History beckons at Birkdale for superb Spieth
Victory for Jordan Spieth in the 146th Open Championship will see the American star carve himself a little niche in golfing history.
The 23-year-old from Dallas carded a brilliant five-under-par 65 to take a three-shot lead over Matt Kuchar into the final round at Royal Birkdale.
He is hot favourite to win his first Claret Jug and in doing so become the youngest Open champion since Seve Ballesteros (22) in 1979.
A wire-to-wire victory at Southport will also see him join the great Jack Nicklaus as the only golfer under the age of 24 to win at least three legs of the Grand Slam.
“I’m extremely pleased, couldn’t ask for much more,” said the two-time Major winner.
“I feel very confident in the way I’ve been striking my irons. If that continues and I feel that way as we get in our warm-up and then early in the round then I can play more conservatively off the tee and take a lot of those bunkers out of play and that’s obviously very important.”
Kuchar was left to rue some mistakes on the back nine, his four-under round of 66 leaving him needing a fast start in the final round to put pressure on Spieth.
Defending champion Henrik Stenson kept his hopes of defending his title just about alive with a 65 that saw him turn in 32 with three birdies and a bogey before adding further gains on the 12th, 14th and 15th to get to three under.
Also on that mark is Aberdeen Asset Management Scottish Open champion Rafa Cabrera-Bello who bogeyed the second but hit back with birdies on the sixth, 13th, 17th and 18th, while world No. 1 Dustin Johnson fired a 64 with birdies on the first, fourth, fifth, seventh, tenth and 15th.
American Chan Kim was also at three under, a shot clear of Rory McIlroy, Ross Fisher, Ian Poulter and Scotland’s Richie Ramsay, who couldn’t do better than a par 70.
Another big talking point of the day was a record-breaking round of 62 by South African Branden Grace, posted before the leaders had teed off in the third round.
There had previously been 31 rounds of 63 in golf’s four biggest events – with ten of them coming at the Open – but nobody had managed to get to the magical 62 mark in a men’s Major.
Grace set about changing that as he made birdies on the first, fourth, fifth, eighth and ninth to turn in 29 before recording four pars.

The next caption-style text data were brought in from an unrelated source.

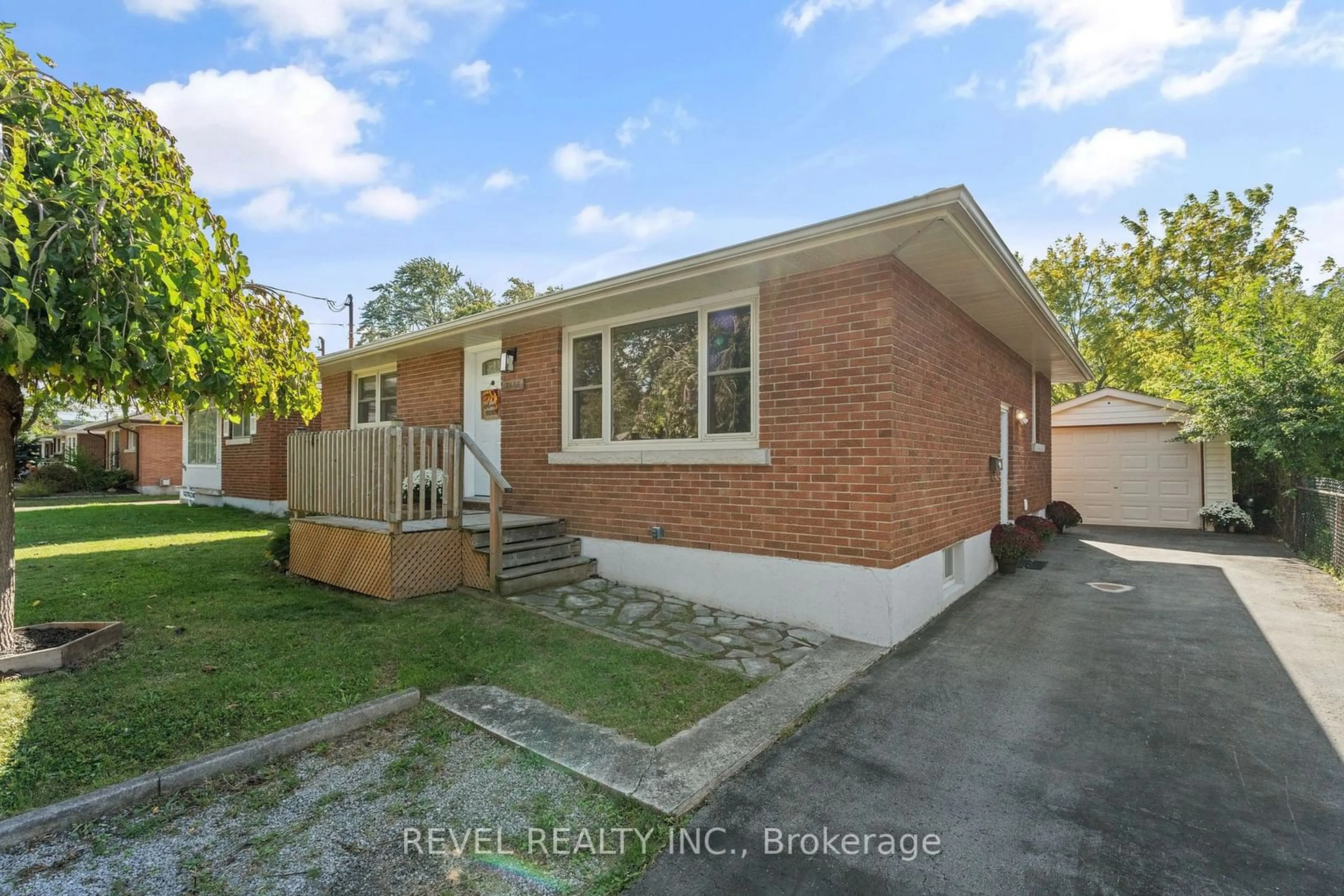 Frontside or backside of a home, the fenced backyard for 7488 Wanless St, Niagara Falls Ontario L2H 1C9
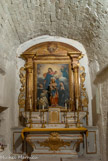 <center>L'église Saint-Trophime de Saumane.</center> Tableau de la Donation du rosaire à saint Dominique et sainte Catherine de Sienne
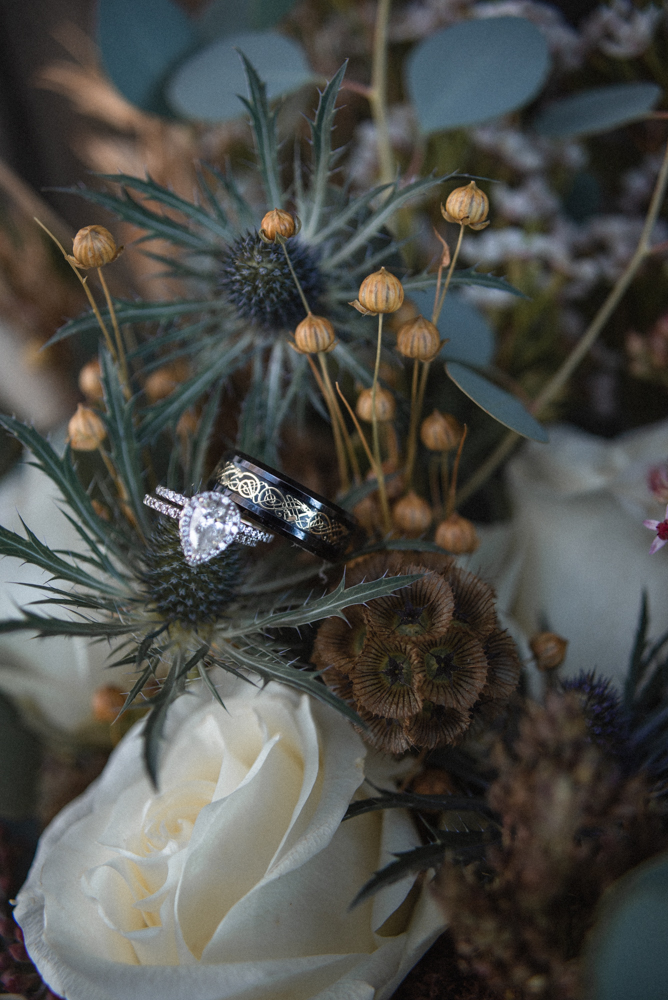 Stunning engagement ring and wedding bands on boho inspired florals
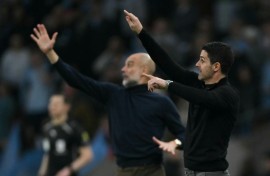 Pep Guardiola's (L) Manchester City are trying to usurp Mikel Arteta's (R) Arsenal at the top of the Premier League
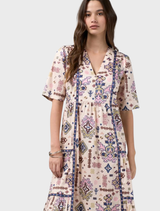 Printed midi dress in bone multi with gathered tiers, flat front panel, and contrast piping; elasticated back waist.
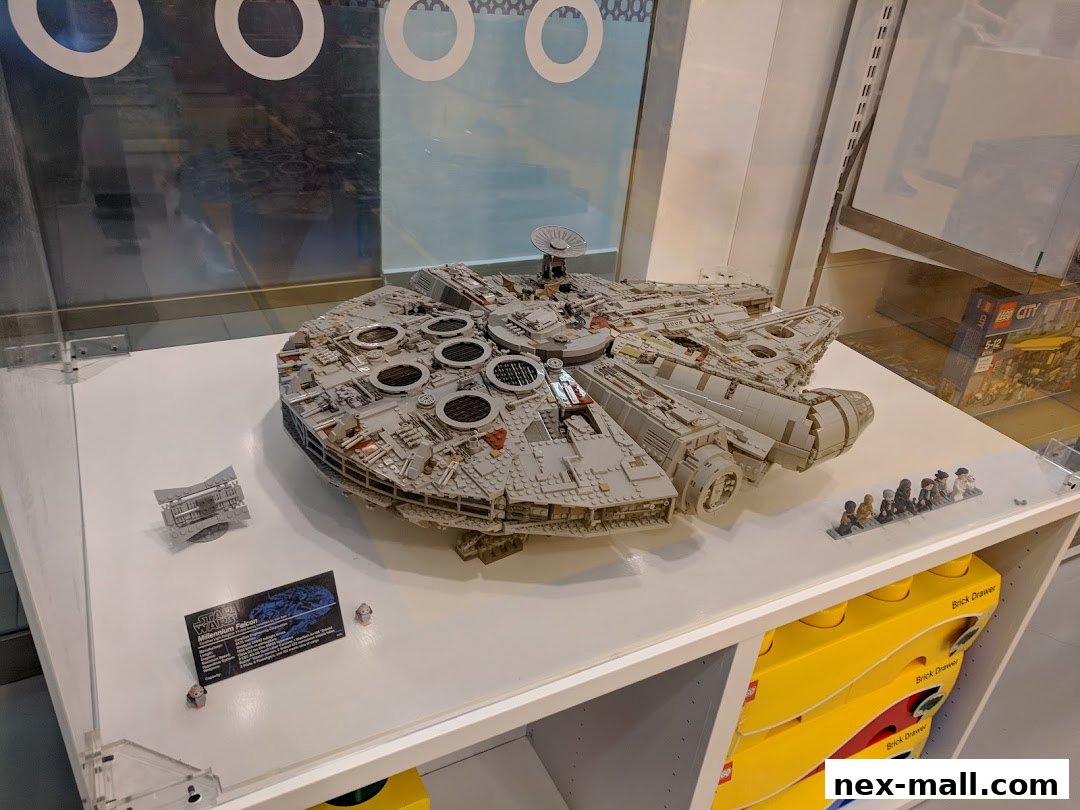 A detailed LEGO Millennium Falcon model displayed with minifigures and LEGO City boxes.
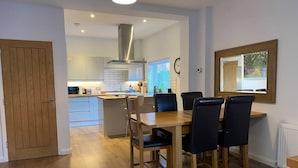 A modern kitchen with white cabinets, a stainless steel range hood, and a dining area with a wooden table and black chairs. - Luxury 2 bed Apartment Golden Triangle w Parking (Norwich)
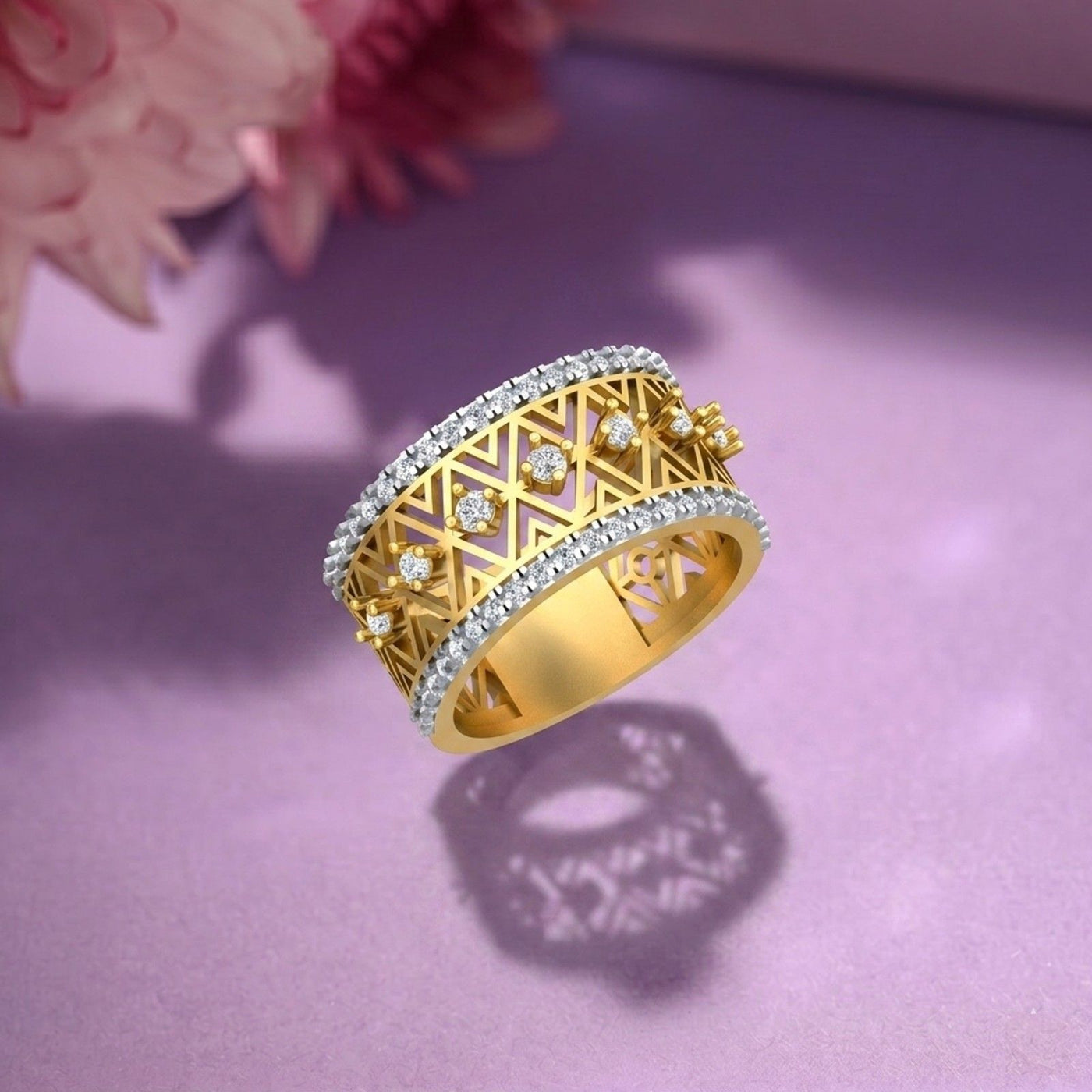Gold ring with diamond accents on a purple surface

A good tee-shot set up a birdie on the par 3 14th but when he failed to take advantage of the gettable par 5 next, his chances of a place in the history books took a major blow.
The South African bounced back brilliantly, holing a 35-foot putt on the 16th, and when he hit the 17th green in two and rolled his third to the side of the cup he just needed a par up the last.
When his second into the 18th rolled off the back of the green the seven-time European Tour winner had some work to do, but he pulled out the putter again and left himself a two-footer which he duly made to take his place in golfing history.
“I honestly didn’t know,” he said. “I was just so in the zone of playing, hole after hole.
“I knew I was obviously playing really well and making the turn in five under was pretty special and I thought if I could make a couple more on the back nine, then it’s going to be a great score.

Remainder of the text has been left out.